Ropes & Gray has represented clients in regulatory enforcement and civil litigation matters triggered by many of the largest and most highly publicized cybersecurity incidents that companies have faced.
Our attorneys skillfully navigate the complicated web of federal, state and international regimes that make up the cybersecurity regulatory environment. We frequently represent clients in responding to US federal and state regulatory investigations into cybersecurity incidents and the collection, use and protection of consumer information, and we have served as global coordinating counsel in worldwide regulatory investigations for some of the world’s most recognized brands. In cases where those regulatory investigations lead to enforcement actions, we are fully prepared to represent our clients’ interests in court, having represented Wyndham and LabMD in two of the best known litigated cases arising from regulatory investigations of cybersecurity incidents.
We also have unparalleled experience defending clients in the civil litigation that often follows a major cybersecurity incident or alleged privacy violation. This especially includes large class actions, where plaintiffs seek monetary recovery and attorneys fees for claimed injuries allegedly resulting from the breach or from the collection or use of consumer information.
Our clients in such matters include victims of some of the largest cybersecurity incidents involving personal information to date, facing claims by individual consumers, financial institutions, card brands and shareholders. We also represent clients confronted by alleged privacy violations, such as alleged unlawful workarounds for third-party cookies and alleged violations of the Telephone Consumer Protection Act.
A pioneer in cybersecurity litigation, Ropes & Gray is the only firm to have litigated against Visa and MasterCard regarding the lawfulness of fines, fees and assessments they impose following a cybersecurity incident.
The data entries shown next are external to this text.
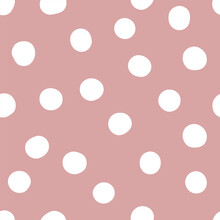 Seamless Neutral Polka Dots Pattern. White Hand-drawn Circles On Dusty Pink Background. Abstract Random Points Ornament. Vector Rose Illustration For Wallpaper, Fabric, Print, Wrapping Paper, Textile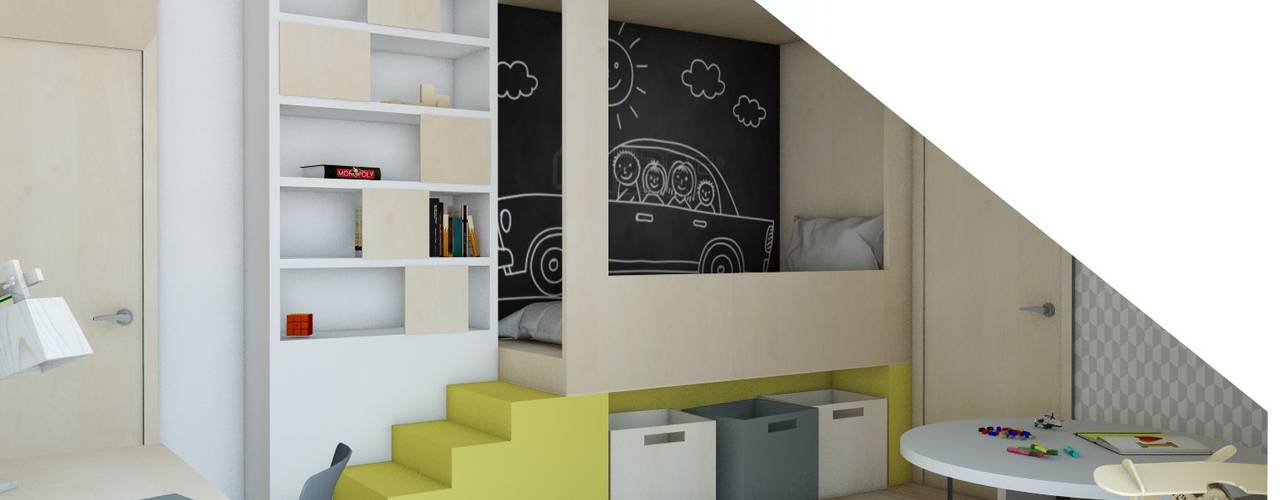 Projekt domu jednorodzinnego 3 (wykonany dla A2.Studio Pracownia Architektury), BAGUA Pracownia Architektury Wnętrz BAGUA Pracownia Architektury Wnętrz Quarto infantil escandinavo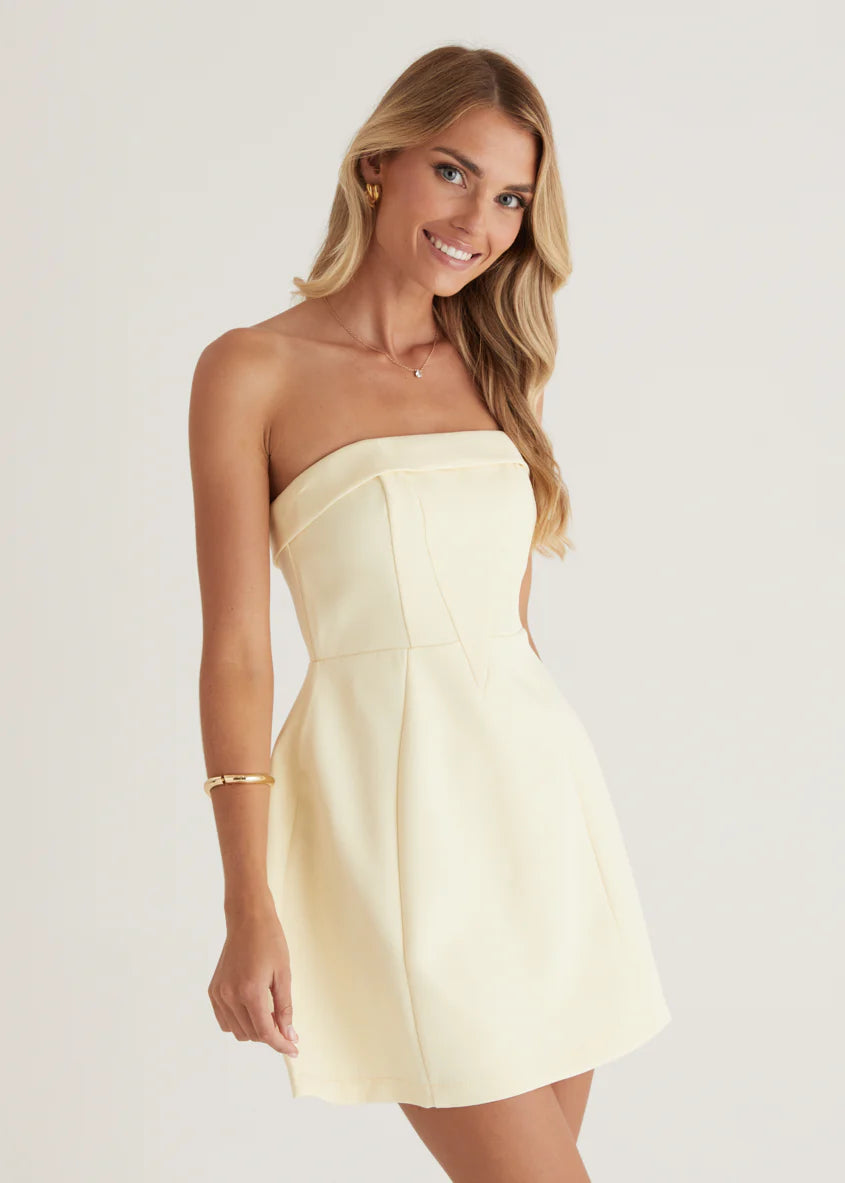 Mahala Strapless Dress - Lemon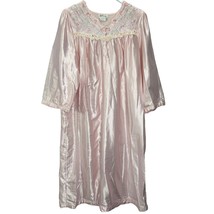 Vintage Character Brushed Satin Long Nightgown Size M Pink Floral Shiny - $29.65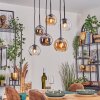 Koyoto hanging light, globe light, pendant light Amber, chrome, clear, Smoke-coloured, 6-light sources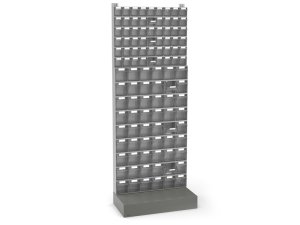 Scaffale portaminuteria Fami Visual Box 604x322x1600mm con base d'appoggio e 108 cassetti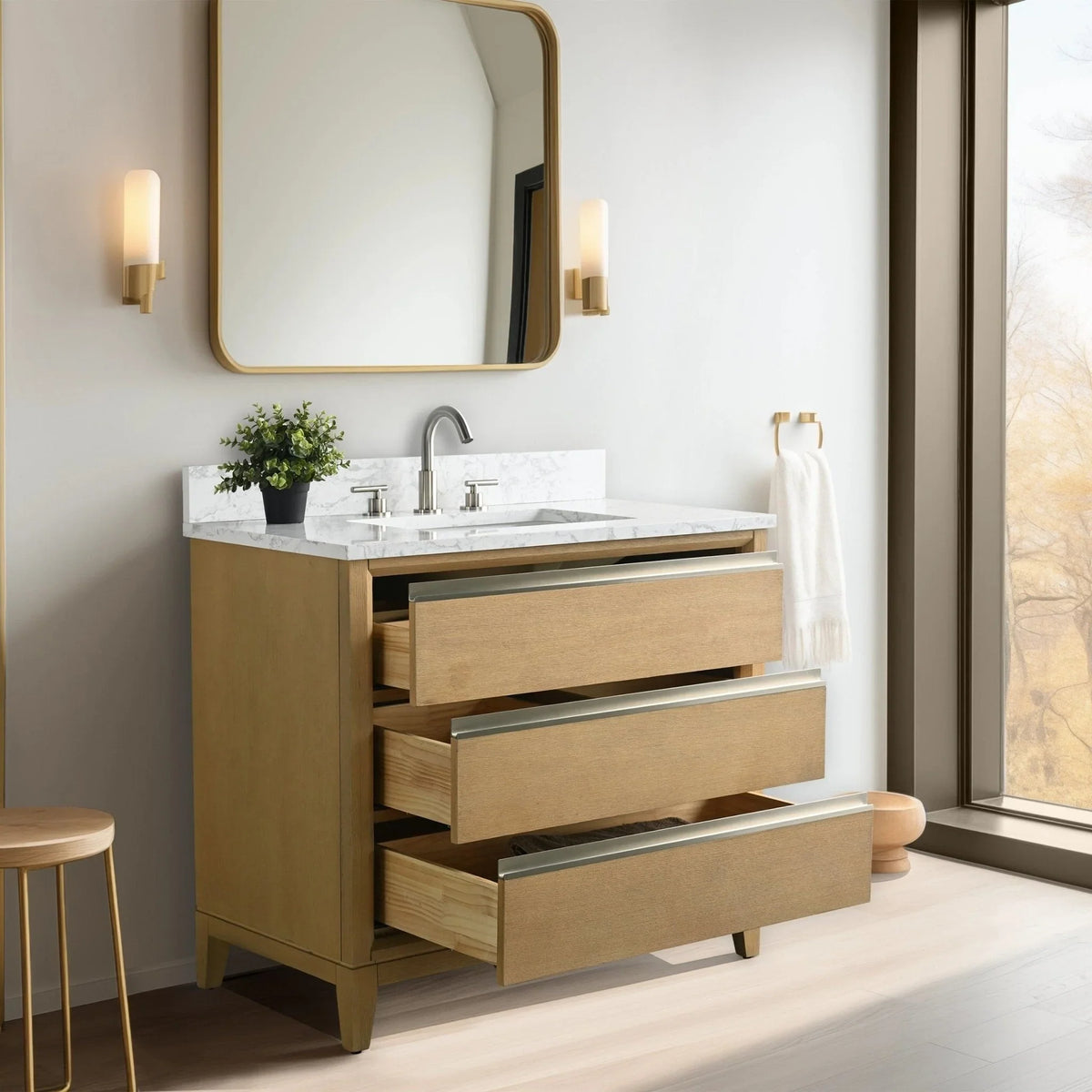 Badunterschrank von Vanity Art mit Keramikwaschbecken und Kunstmarmorplatte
From very early on as cybersecurity incidents began to make an impact on global commerce, Ropes & Gray’s attorneys have been developing their extensive experience in privacy and cybersecurity regulatory enforcement and civil litigation, including in some of the highest profile cybersecurity incidents with hundreds of millions of dollars as stake. These representations have been on behalf of clients throughout the United States; we have defended clients in the courts of Arizona, California, Delaware, Florida, Georgia, Illinois, Indiana, Massachusetts, Minnesota, Missouri, New Hampshire, New Jersey, New York, Ohio, Tennessee, and Texas, and before the First, Third, Fifth, Sixth, Eighth, and Eleventh Circuits; before the FTC, Office of Civil Rights, and virtually every Attorney General’s office and many state officials; and in regard to non-U.S. regulatory investigations in Australia, Brazil, Canada, Hong Kong, Ireland, Japan, and the United Kingdom. Our most substantial representations of this sort include:
- LabMD in its petition to the U.S. Court of Appeals for review of the first FTC decision holding a company liable for allegedly having unreasonable data security practices that violate Section 5 of the FTC Act.
- A multinational advertising and public relations company in class action litigation and regulatory investigations related to an alleged “workaround” by which third-party cookies could be set on browsers that had been configured to deny such cookies.
- Supervalu Inc. in defending and responding to all litigation claims and regulatory inquiries stemming from cybersecurity incidents announced in 2014.
- Multiple clients in diverse industries in defending against payment card brand claims seeking to impose fines and issuing bank reimbursement assessments arising from cybersecurity incidents involving payment card data. Such clients include TJX, Hannaford Brothers, Heartland, Wyndham Hotels, Target, Neiman Marcus, Aldo, Hilton, Landry’s, Destination Hotels, Sally Beauty, Supervalu, Home Depot, and Arby’s.
- Arby’s Restaurant Group as lead counsel in defending against all third-party claims, including the pending issuer and consumer class actions, arising from a cyber incident announced in February 2017.